Da quel momento partono i 5 minuti infernali di quel 6 gennaio, giorno di festa e di mercato settimanale a Bitonto. In quel lasso di tempo Carlo raggiunge da via Traetta via Ugo La Malfa mentre sono in corso le pulizie, citofona alla moglie mentre la zia della bimba, che abita in un garage accanto, sta lavando le scale. Nell’androne del palazzo, visibile dalla strada perché sprovvisto di portone e in cui abita anche la nonna della piccola, si abbassa i pantaloni, abusa della bimba, si ricompone, aspetta la moglie e parte verso Le Roi Merlin dopo aver messo il passeggino di suo figlio in auto.

La versione del ragazzo è diversa. “La bambina stava scendendo i tre scalini con addosso gli stivali della zia – racconta e si legge nelle carte – mentre ero lì è caduta e sono andato immediatamente da lei per aiutarla a rialzarsi. Stavo sistemando il passeggino in macchina, una Citroen C3 Picasso, ricordo che l’ammortizzatore del pistone era rotto e il portellone dell’auto mi è caduto in testa, provocando le risate della zia della piccola”. Tutto sembra procedere normalmente fino a quando la Polizia piomba a casa di Aldo, il papà di Carlo, che abita al’ultimo piano del palazzo e che con la famiglia della bambina, i Sicolo, ha già avuto altri screzi.

Carlo e la sua famiglia vivono con il padre e la madre di lui da circa tre mesi. Ha uno sfratto e avrebbe voluto sistemarsi in quella casa popolare visto che i genitori stavano trovando un’altra sistemazione. La descrizione dell’orco fatta dalla piccola è imprecisa. “Sembrava sotto dettatura – continua Carlo -. Diceva che a farle del male era un uomo che abita nel bar, con un cane bianco e che guidava il furgone.

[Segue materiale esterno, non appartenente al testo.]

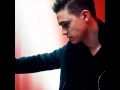 Jesse McCartney - Out of Words ( NEW RNB SONG 2012 )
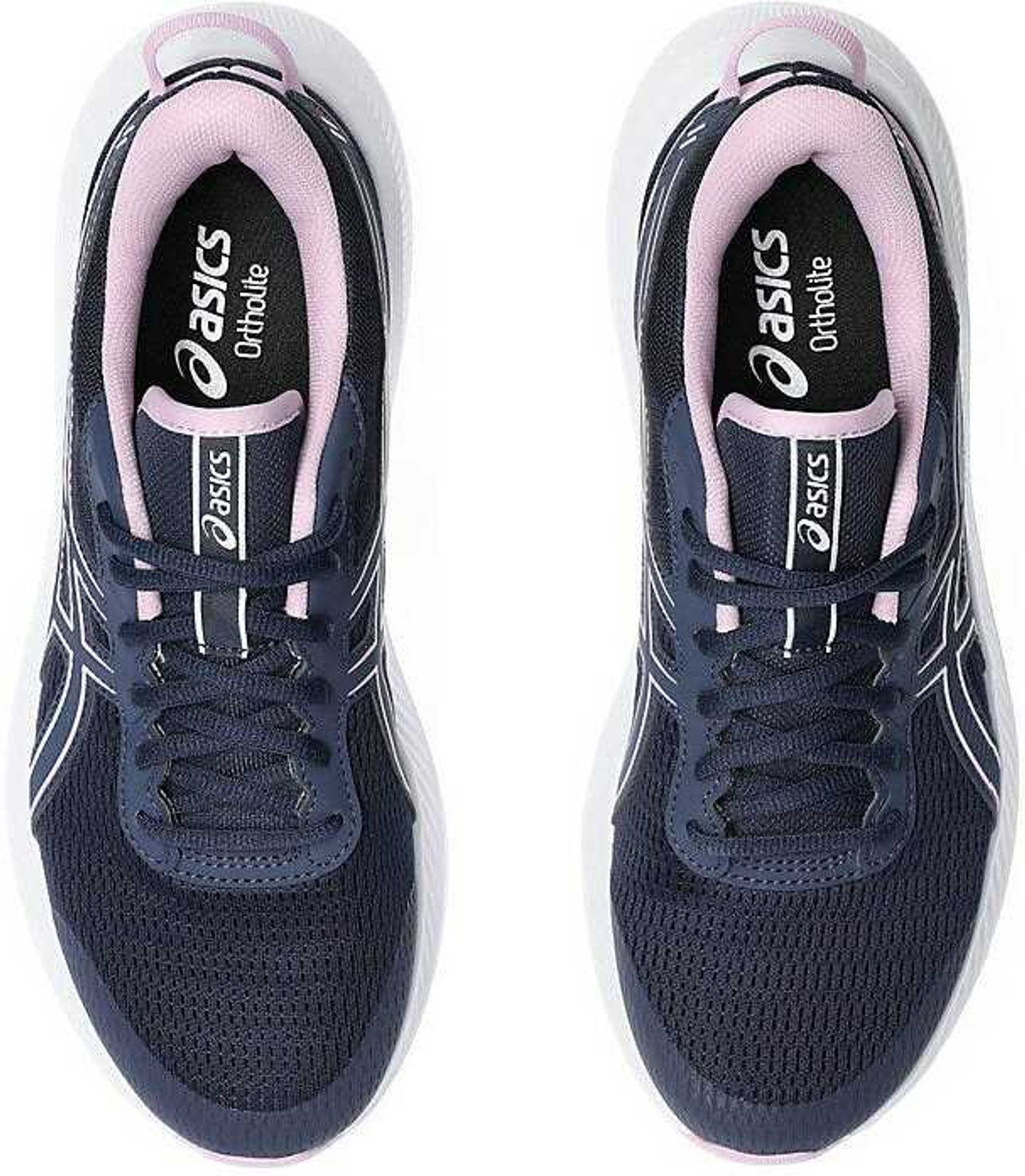 Image of Asics JOLT 5 Sneakers For Women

Nessuno ha dato importanza al fatto che il cane di mio padre era morto due anni prima, che ero arrivato e ripartito con la mia auto, non con il furgone e che la bimba non avrebbe mai potuto sapere che in quel periodo lavoravo nel bar di famiglia senza che nessuno glielo avesse suggerito. Non l’avevo mai vista prima”.

Quando circa un mese dopo arriva la notifica con l’ordinanza di custodia cautelare in carcere, nonostante alcune precedenti rassicurazioni da parte degli investigatori, la famiglia di Carlo piomba nell’incubo. Papà Aldo si fionda al commissariato e gli viene suggerito il nome di un avvocato al quale rivolgersi. L’uomo si reca nello studio e in sala d’attesa vede alcuni familiari della bambina oggetto delle presunte attenzioni del figlio. L’avvocato stesso ammette di difenderli per altre questioni, ma dice ad Aldo di non preoccuparsi perché c’è un video.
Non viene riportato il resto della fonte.